### [TASK PROMPT]
Start at the line in the entries below that contains "Volkswagen Golf R-Line", stop at the line that contains "36 PINEGROVE AVENUE - 28", and output exactly the lines in that span, both ends included.

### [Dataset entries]
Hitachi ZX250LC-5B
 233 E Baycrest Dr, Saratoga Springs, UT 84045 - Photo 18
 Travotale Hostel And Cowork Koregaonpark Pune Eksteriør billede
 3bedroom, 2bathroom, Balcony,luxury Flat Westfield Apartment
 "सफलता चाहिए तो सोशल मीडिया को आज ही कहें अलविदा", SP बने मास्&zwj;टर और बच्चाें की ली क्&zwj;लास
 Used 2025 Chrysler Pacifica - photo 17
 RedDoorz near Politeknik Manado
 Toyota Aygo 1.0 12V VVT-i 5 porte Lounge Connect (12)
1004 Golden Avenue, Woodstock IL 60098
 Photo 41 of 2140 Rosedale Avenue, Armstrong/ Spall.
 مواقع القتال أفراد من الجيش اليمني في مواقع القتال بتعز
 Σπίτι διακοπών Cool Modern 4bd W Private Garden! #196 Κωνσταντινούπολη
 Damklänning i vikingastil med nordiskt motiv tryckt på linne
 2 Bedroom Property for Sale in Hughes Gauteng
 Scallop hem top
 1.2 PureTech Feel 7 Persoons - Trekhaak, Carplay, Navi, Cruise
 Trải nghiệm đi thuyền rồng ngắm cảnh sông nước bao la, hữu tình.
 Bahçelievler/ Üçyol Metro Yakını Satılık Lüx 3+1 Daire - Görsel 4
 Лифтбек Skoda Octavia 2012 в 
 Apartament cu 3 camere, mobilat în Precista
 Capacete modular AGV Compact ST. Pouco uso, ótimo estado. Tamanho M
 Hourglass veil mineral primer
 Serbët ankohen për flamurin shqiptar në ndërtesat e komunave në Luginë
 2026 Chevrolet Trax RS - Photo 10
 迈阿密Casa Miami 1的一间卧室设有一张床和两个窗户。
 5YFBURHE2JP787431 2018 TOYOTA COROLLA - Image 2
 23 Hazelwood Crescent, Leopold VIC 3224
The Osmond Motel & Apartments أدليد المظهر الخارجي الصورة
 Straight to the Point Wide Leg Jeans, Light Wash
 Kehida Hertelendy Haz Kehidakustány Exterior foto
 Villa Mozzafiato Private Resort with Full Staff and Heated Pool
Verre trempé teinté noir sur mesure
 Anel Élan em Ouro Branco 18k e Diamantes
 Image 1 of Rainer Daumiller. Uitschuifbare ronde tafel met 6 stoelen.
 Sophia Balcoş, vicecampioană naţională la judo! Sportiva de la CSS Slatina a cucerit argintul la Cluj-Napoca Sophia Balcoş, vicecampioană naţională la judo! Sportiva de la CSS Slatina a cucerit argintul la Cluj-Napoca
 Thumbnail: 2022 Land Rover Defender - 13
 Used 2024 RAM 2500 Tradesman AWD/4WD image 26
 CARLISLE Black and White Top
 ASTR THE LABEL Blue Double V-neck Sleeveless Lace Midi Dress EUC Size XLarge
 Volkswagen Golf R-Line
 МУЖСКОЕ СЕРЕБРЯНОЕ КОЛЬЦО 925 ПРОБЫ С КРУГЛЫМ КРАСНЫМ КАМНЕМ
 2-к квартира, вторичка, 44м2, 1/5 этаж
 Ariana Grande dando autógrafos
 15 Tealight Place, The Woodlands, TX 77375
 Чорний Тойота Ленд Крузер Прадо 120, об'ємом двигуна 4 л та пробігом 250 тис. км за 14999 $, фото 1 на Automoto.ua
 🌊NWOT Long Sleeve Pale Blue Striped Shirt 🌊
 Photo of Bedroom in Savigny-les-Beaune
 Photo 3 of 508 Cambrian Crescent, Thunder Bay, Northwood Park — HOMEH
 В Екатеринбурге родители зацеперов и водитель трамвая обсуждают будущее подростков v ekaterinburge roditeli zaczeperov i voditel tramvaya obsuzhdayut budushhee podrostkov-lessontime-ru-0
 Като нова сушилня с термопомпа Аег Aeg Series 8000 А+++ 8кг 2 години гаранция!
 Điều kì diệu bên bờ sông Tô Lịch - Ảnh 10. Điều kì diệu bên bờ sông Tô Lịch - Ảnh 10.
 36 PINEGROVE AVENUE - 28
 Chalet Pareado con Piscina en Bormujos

### [THE COMPLETED TASK]
 Volkswagen Golf R-Line
 МУЖСКОЕ СЕРЕБРЯНОЕ КОЛЬЦО 925 ПРОБЫ С КРУГЛЫМ КРАСНЫМ КАМНЕМ
 2-к квартира, вторичка, 44м2, 1/5 этаж
 Ariana Grande dando autógrafos
 15 Tealight Place, The Woodlands, TX 77375
 Чорний Тойота Ленд Крузер Прадо 120, об'ємом двигуна 4 л та пробігом 250 тис. км за 14999 $, фото 1 на Automoto.ua
 🌊NWOT Long Sleeve Pale Blue Striped Shirt 🌊
 Photo of Bedroom in Savigny-les-Beaune
 Photo 3 of 508 Cambrian Crescent, Thunder Bay, Northwood Park — HOMEH
 В Екатеринбурге родители зацеперов и водитель трамвая обсуждают будущее подростков v ekaterinburge roditeli zaczeperov i voditel tramvaya obsuzhdayut budushhee podrostkov-lessontime-ru-0
 Като нова сушилня с термопомпа Аег Aeg Series 8000 А+++ 8кг 2 години гаранция!
 Điều kì diệu bên bờ sông Tô Lịch - Ảnh 10. Điều kì diệu bên bờ sông Tô Lịch - Ảnh 10.
 36 PINEGROVE AVENUE - 28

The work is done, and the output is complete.